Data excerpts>
__________________________________________________

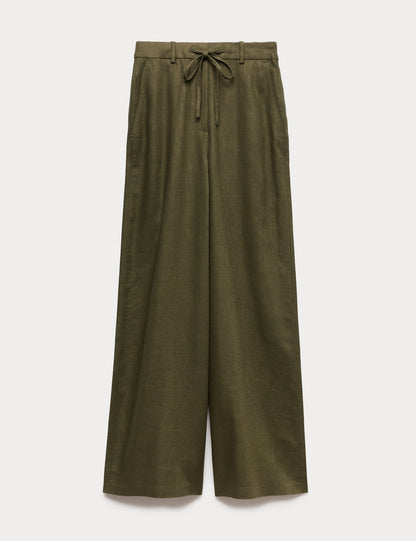 Keten Karışımlı Geniş Paça Pantolon
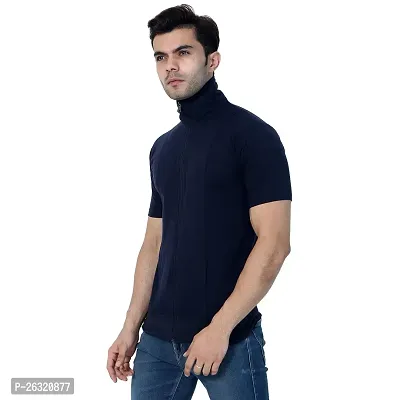 Black Collection Men's Plain Zipper Half Sleeves T-Shirt-thumb2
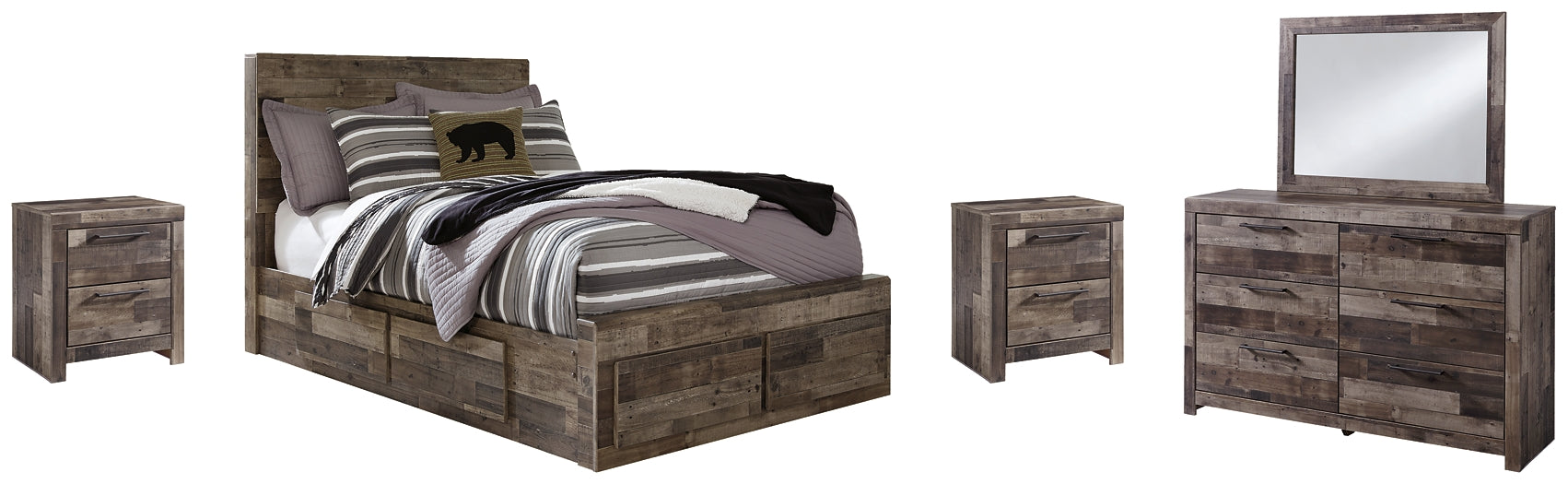 Derekson Full Panel Bed with 6 Storage Drawers with Mirrored Dresser and 2 Nightstands Huntsville Furniture Outlet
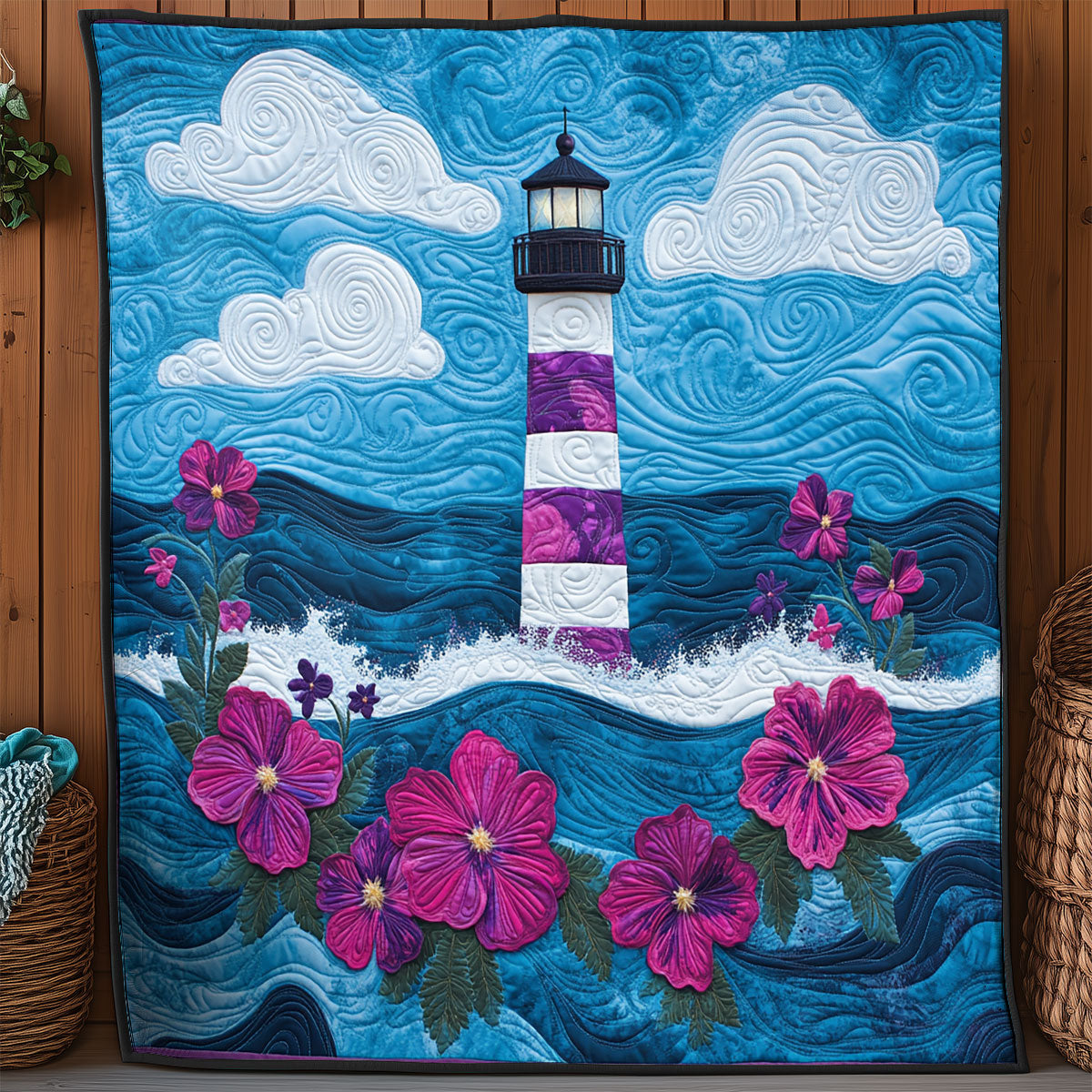 Purple Flower Lighthouse WY0307078CL Quilt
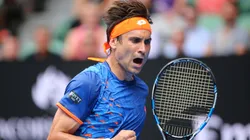 David Ferrer of Spain reacts in his quarter final match against Andy Murray of Great Britain during day 10 of the 2016 Australian Open.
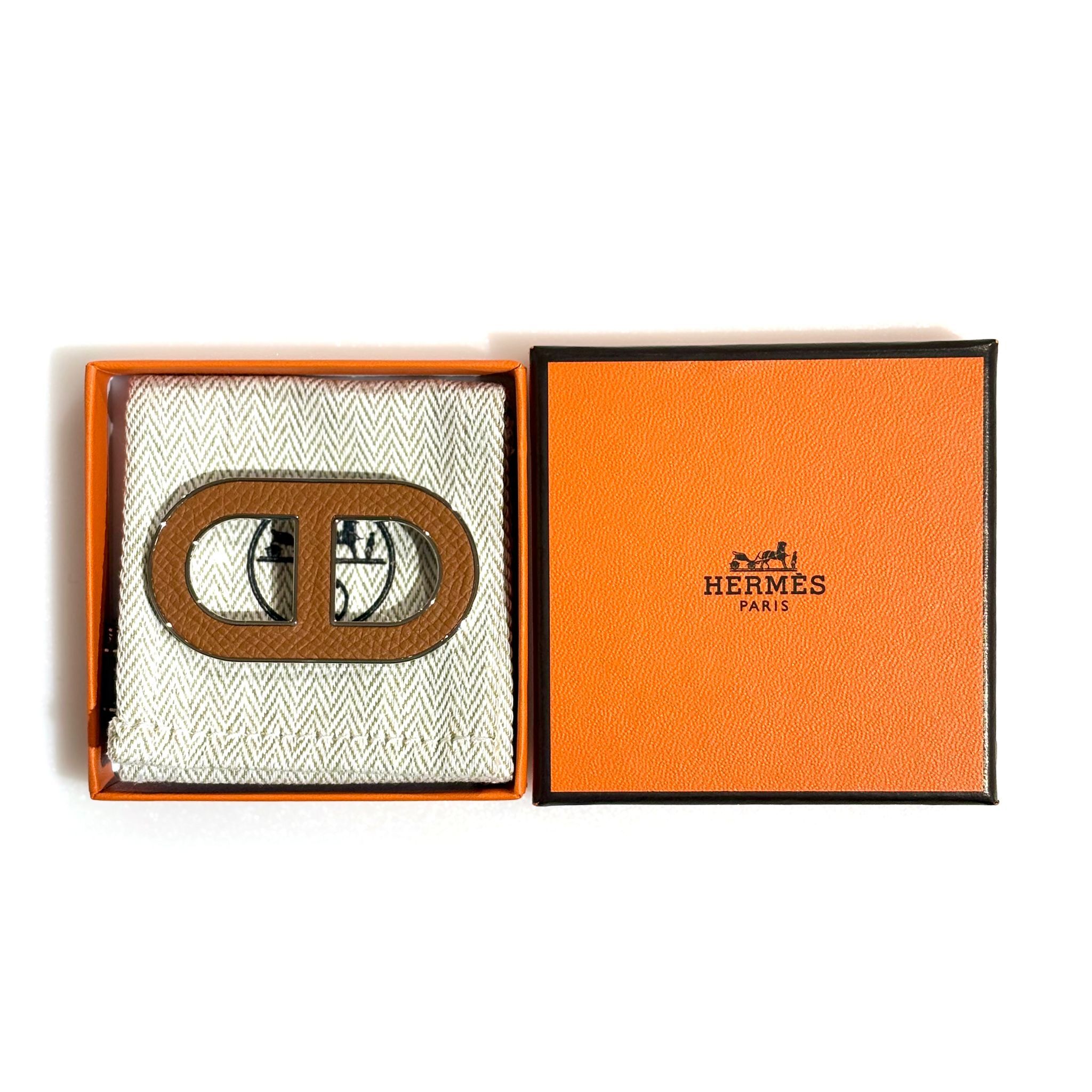全新HERMES Chaine d'Ancre Brooch胸針 金棕色Epsom/金屬 H500262FK37 #BRAND NEW #香榭站正品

__________________________________________________

THE TASK> Nothing but the lines from the line holding "Black Collection Men's" through the last line of the entries above is to be reproduced, exactly and without pictures.

SOLUTION>
 Black Collection Men's Plain Zipper Half Sleeves T-Shirt-thumb2
 Derekson Full Panel Bed with 6 Storage Drawers with Mirrored Dresser and 2 Nightstands Huntsville Furniture Outlet
 Purple Flower Lighthouse WY0307078CL Quilt
 David Ferrer of Spain reacts in his quarter final match against Andy Murray of Great Britain during day 10 of the 2016 Australian Open.
全新HERMES Chaine d'Ancre Brooch胸針 金棕色Epsom/金屬 H500262FK37 #BRAND NEW #香榭站正品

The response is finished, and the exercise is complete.